Bombie's whole design comes from a single decision early on: represent the UI as a JSON tree, and write two renderers against it — one for the builder canvas, one for the live preview. Every other feature is a consequence of that.

The data model

Every node in a Bombie layout has the same shape:

{
  id: "<uuid>",
  info: { tag: "Button", /* catalog metadata */ },
  props: { variant: "contained", color: "primary", children: "Save" },
  child: [ /* nested nodes, same shape */ ]
}

A whole layout is a tree of these. That's it.

• id — stable identifier; used by the property editor to target a specific node and by react-dnd to know what's being moved.
• info — catalog metadata pulled from the element registry. The tag field (e.g. "Button", "Grid") is what the renderers switch on.
• props — the props that will eventually land on the real MUI component. This is what the property editor mutates.
• child — nested nodes. Container components (Box, Grid, Stack, Container, Card, etc.) use this; leaf components (Typography, Button, etc.) leave it empty.

Saving a layout is JSON.stringify(tree). Loading is JSON.parse(json). That's the whole persistence story.

Mutating the tree

Mutating a deeply nested immutable tree is the kind of thing that, done naively, spawns three helper files and a Stack Overflow tab. Bombie's lives in one file: src/Lib/Utils/json-handler.js. It's a collection of recursive walks that take the root tree and the target node's id, and return a new tree.

The pattern is the same for every operation:

function updateNode(node, targetId, transform) {
  if (node.id === targetId) return transform(node);
  if (!node.child?.length) return node;
  return { ...node, child: node.child.map(c => updateNode(c, targetId, transform)) };
}

Everything specializes from there:

• setProp(tree, id, key, value) → updateNode with a transform that returns { ...n, props: { ...n.props, [key]: value } }.
• appendChild(tree, parentId, newNode) → updateNode on parentId, transform adds to child.
• removeNode(tree, id) → filter child recursively.
• move(tree, fromId, toParentId, index) → remove then insert.

Because the tree is immutable, React's useState + useMemo works without any special diffing.

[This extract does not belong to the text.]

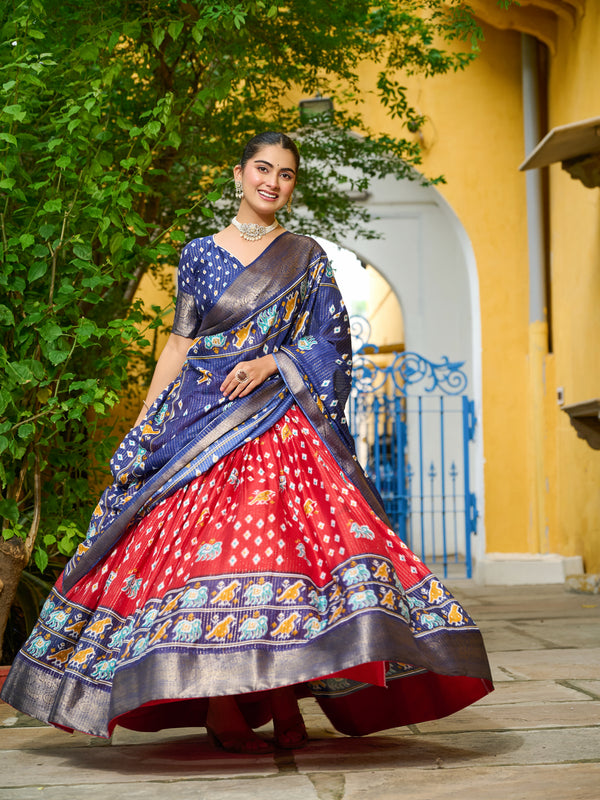 Women's Heavy Lichi Jacquard Lehenga Choli with Printed Dupatta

The Provider that holds the tree (under Controller/ComponentGenerator/) hands it down through a context (bombie-context.js) and exposes these handlers to the canvas, the palette, and the property editor.

The other utility worth calling out is js-dom-controller.js. It does dot-path get/set on nested objects — useful when a prop like slotProps.input.startAdornment needs to be edited from the property dialog. Together, json-handler (for tree mutations) and js-dom-controller (for nested prop paths) cover most of the editing surface.

Two renderers, one tree

Here's the design call that pays off the most: Bombie has two renderers for the same tree.

Builder canvas (element-recursion.js)

The canvas renders every node with builder chrome: a selection outline, a wrench button (open property editor), a delete button, drop-zone overlays via react-dnd. Containers render their children recursively as drop targets, so you can nest a Stack inside a Grid inside a Box to whatever depth you want.

Two complications the canvas has to handle that a clean preview doesn't:

1. Drop targets need real space. An empty Box would collapse to zero pixels, so the canvas-side container components apply a minimum size and a dashed outline when empty.
2. Modals are inline. A Dialog in the canvas renders inline (not as an actual modal) so you can edit the dialog's content tree. If it rendered as a real modal, you couldn't see the content unless you opened it — which is fine for previewing but useless for editing.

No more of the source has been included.